2) Boils - similar to a bulge rise, but more violent, and this feeding is also occurring just under the surface. The rise is usually not only violent but erratic as the food item is struggling or is quite animated or active. Usually this rise involves mayfly emergers or caddis emergers. One way to fish this rise is like the above but imparting a twitch or pulsing movement to the fly right as it comes into view of the fish. You can also get above the fish, put yourself at an angle to it, and 'raise' the fly while twitching it as it swings in front of the boiling trout. Another option, and this works well on occasion, is to strip the fly like a streamer, except that you use tiny half to one inch strips, imparting a slight and short pause every 8 or 10 strips....this can be deadly during a hatch.
3) Sips - the sipping rise is classic and if you can see the fish its great fun to watch a trout feed this way...especially if its a large fish. Sips clue you in that a fish is eating small surface insects or slower emergers in the surface film. Small mayfly duns, midges, and mayfly spinners all will cause this type of rise. Sippers are often found in quiet edgewaters, pools, eddies, tailouts, and other margins where the water is slow. Beetles and ants fall into this category as once they fall in they sit very low in the surface film....and they will almost always be sipped. Also, shallow, gentle riffs are a good place to see sippers as well.
4) Head Risers - this rise in one in which the fish lifts its head or part of its head almost vertically out of the water. This type of rise is almost always going to coincide with surface food. So in order to be successful you would fish a surface fly....our CDC emerger flies are murderous on this type of fish......like last week when we nailed a 23" plus brown trout on the South Holston that was head rising. The fish ate a #18 dorothea emerger.... Usually head risers tend to be the larger, more mature fish and they do it so well they seem to make an art of it. Head risers are often eating emerging mayflies that are halfway through the surface film, spinners, terrestrials, and they are often bank feeders as well.
5) Gobblers - this happens a lot out west when the fish have lots of food coming to their feeding station. Have only seen it once before around here, and that is the South Holston tailwater. The food or hatch has to be heavy. I have seen this during some heavy sulphur emergences, and also witnessed it on the Missouri River in Montana during the caddis flights and Silver Creek in Picabo, Idaho during a morning Trico spinner fall. In this type of rise the fish rises and takes a food item once every second for ten seconds or more, then stopping the rising and taking time to swallow all the food it captured. This type of rising is very rare but when you see it it is a sight to behold.....it makes you quiver and shake and your knees will knock together...
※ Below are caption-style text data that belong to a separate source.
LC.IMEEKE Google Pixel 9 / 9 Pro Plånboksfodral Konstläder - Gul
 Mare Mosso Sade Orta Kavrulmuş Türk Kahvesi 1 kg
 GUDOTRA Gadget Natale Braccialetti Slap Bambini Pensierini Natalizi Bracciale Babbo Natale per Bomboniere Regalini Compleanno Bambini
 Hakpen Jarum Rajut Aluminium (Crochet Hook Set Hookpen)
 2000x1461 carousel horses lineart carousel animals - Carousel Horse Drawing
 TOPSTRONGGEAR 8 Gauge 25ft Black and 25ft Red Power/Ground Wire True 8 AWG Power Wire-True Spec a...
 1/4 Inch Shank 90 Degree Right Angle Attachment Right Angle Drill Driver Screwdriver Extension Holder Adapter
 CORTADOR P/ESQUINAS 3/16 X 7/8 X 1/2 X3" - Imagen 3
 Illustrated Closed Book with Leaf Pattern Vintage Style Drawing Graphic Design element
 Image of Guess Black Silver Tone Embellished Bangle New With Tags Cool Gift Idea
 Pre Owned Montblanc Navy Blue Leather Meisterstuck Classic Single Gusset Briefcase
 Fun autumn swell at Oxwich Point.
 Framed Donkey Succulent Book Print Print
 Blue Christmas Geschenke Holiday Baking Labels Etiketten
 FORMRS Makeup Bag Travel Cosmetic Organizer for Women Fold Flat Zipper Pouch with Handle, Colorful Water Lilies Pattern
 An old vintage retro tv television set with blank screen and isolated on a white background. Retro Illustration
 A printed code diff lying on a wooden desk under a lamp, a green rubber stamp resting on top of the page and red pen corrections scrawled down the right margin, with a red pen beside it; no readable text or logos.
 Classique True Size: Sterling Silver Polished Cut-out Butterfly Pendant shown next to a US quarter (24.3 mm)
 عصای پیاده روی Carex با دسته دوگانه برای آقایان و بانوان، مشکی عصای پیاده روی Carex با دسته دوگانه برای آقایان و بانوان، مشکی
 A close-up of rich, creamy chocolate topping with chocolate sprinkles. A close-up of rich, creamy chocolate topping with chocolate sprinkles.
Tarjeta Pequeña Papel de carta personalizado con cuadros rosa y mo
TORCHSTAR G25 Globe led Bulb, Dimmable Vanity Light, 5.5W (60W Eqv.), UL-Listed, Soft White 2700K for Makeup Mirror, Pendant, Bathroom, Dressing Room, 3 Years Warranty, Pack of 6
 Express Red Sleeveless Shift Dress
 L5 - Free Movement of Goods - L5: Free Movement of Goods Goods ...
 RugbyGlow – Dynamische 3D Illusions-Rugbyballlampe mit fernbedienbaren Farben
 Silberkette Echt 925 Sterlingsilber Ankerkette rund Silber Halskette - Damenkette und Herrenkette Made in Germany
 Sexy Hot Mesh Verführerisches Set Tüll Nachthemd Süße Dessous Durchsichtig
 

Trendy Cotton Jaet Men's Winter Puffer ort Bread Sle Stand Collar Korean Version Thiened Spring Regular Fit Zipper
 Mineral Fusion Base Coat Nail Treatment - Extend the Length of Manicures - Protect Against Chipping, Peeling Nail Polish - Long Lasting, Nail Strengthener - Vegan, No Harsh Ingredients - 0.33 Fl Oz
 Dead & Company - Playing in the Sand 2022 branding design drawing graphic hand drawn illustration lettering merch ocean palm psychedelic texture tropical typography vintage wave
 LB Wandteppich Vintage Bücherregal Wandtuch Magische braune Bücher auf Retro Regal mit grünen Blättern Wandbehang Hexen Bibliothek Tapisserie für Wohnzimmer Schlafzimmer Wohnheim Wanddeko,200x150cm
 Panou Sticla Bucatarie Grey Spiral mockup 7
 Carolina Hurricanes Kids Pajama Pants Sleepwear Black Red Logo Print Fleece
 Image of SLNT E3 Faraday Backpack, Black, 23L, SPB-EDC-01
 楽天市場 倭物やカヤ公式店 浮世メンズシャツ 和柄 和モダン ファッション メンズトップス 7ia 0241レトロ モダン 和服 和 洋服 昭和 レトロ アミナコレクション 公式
6) Porpoising - with a porpoising rise you see the head, back, dorsal, and tail in a slow parade as the fish takes food....this rise sometimes exaggerates the fish's true size. Porpoising indicates the presence of smaller, emerging flies, and to catch fish doing this you will want an array of mayfly nymphs and emergers, midge pupae and emergers, and all of them should be in the film patterns or ones that sit low on the water.
7) Tailing - very uncommon unless the water has lots of weedbeds or vegetation...fish feeding this way are likely rooting out mayfly nymphs, cressbugs, scuds, and whatever else they can find.
8) Splashy Rises - often belies a small or juvenile fish, they seem to get really excited about feeding.....and often seeing a really splashy rise is really nothing more than small fish. This happens alot during a caddisfly emergence, and with some swiftly emerging mayflies too. Moving the fly or twitching it, stripping it, raising it in front of a fish doing this will work well.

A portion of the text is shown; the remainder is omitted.